-- Exercise data follows --

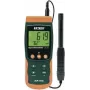 Extech SDL500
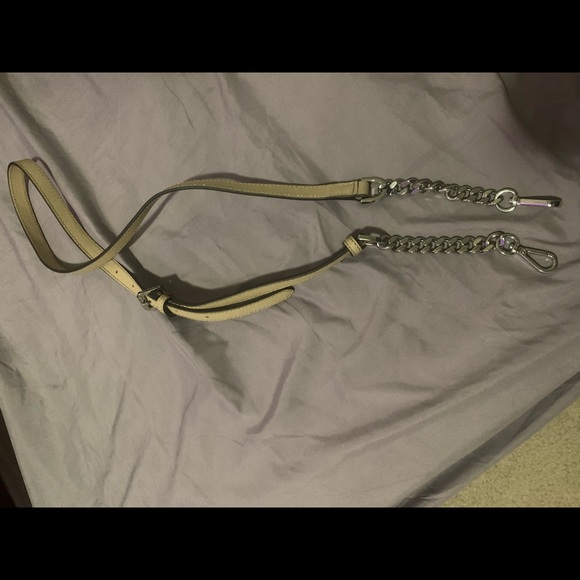 Micheal Kors Bag Strap - Picture 2 of 5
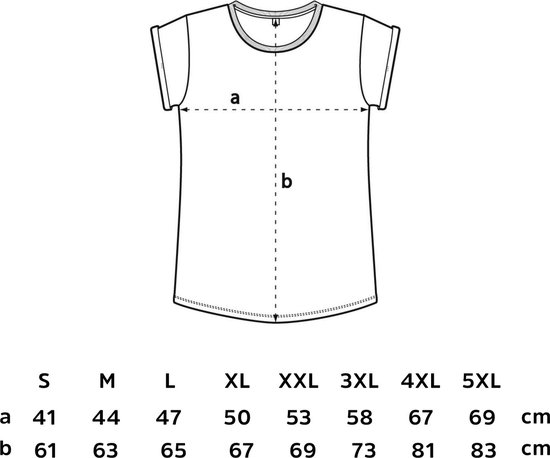 Farceur du Bingo Club T-Shirt Femme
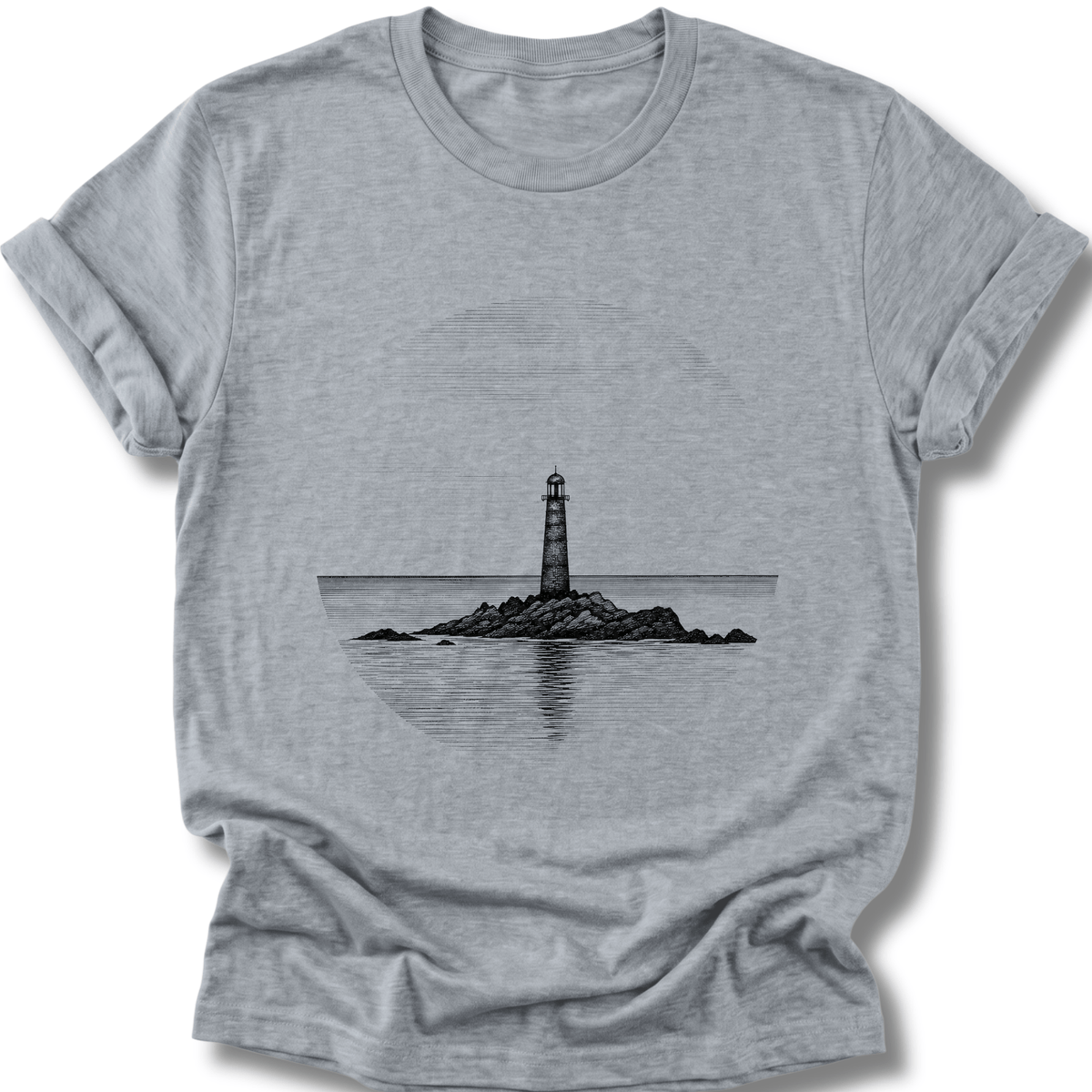 Manatee Society — Sports Grey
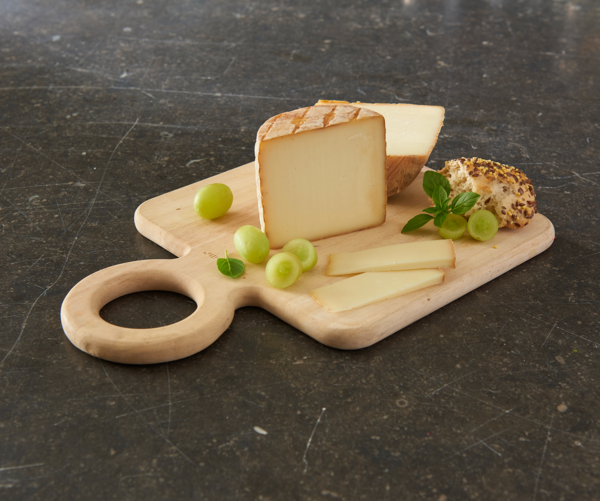 P'TIT BASQUE D'ISTARA 3381571001618 SANS MARQUE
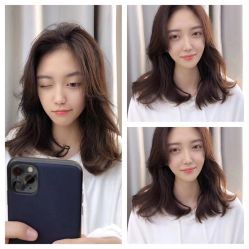 -IN STYLE·全国形象店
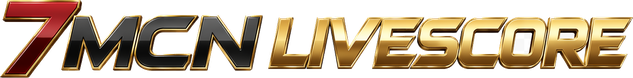 7mcn livescore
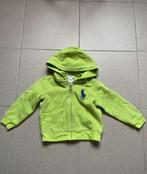 ralph lauren vest, Kinderen en Baby's, Zo goed als nieuw, Jongetje, Ralph Lauren, Truitje of Vestje
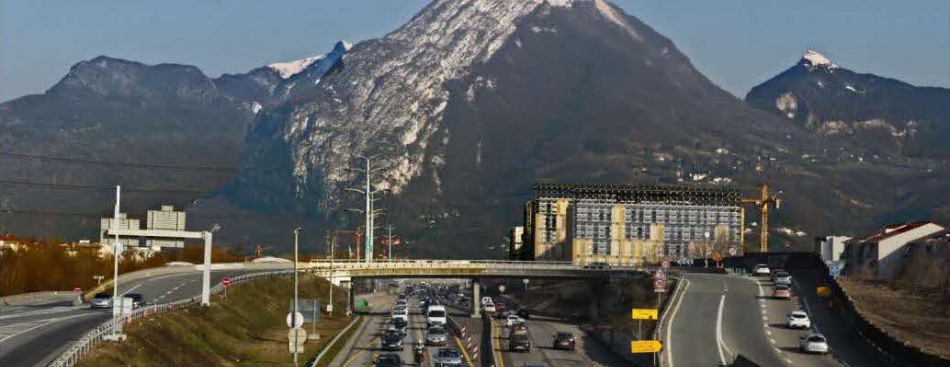 Citoyen Mag - Vendredi 26 avril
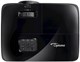 Проектор Optoma S381 n18069 - фото 107773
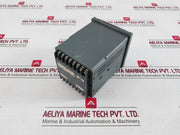 Digital Instruments 511-m Conductivity Controller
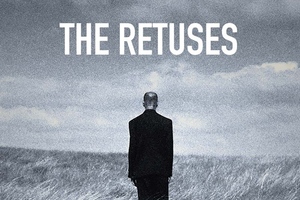 The Retuses The Retuses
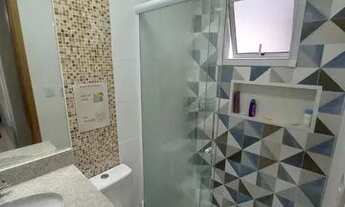 Imagem 6: Apartamento 2 suítes e 2 vagas a venda em Praia Grande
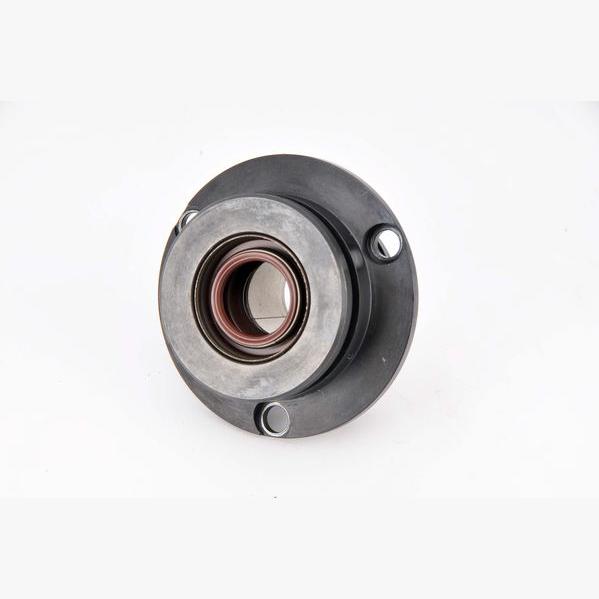 BOSCH 101-214 Fuel Quantity (Common Rail System) Control Valve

-- Exercise data concluded --

■ What to do
All lines above must be repeated exactly, and the pictures must be omitted.

■ Exercise response
 Extech SDL500
 Micheal Kors Bag Strap - Picture 2 of 5
 Farceur du Bingo Club T-Shirt Femme
 Manatee Society — Sports Grey
 P'TIT BASQUE D'ISTARA 3381571001618 SANS MARQUE
 -IN STYLE·全国形象店
 7mcn livescore
 ralph lauren vest, Kinderen en Baby's, Zo goed als nieuw, Jongetje, Ralph Lauren, Truitje of Vestje
 Citoyen Mag - Vendredi 26 avril
 Проектор Optoma S381 n18069 - фото 107773
 Digital Instruments 511-m Conductivity Controller
 The Retuses The Retuses
 Imagem 6: Apartamento 2 suítes e 2 vagas a venda em Praia Grande
 BOSCH 101-214 Fuel Quantity (Common Rail System) Control Valve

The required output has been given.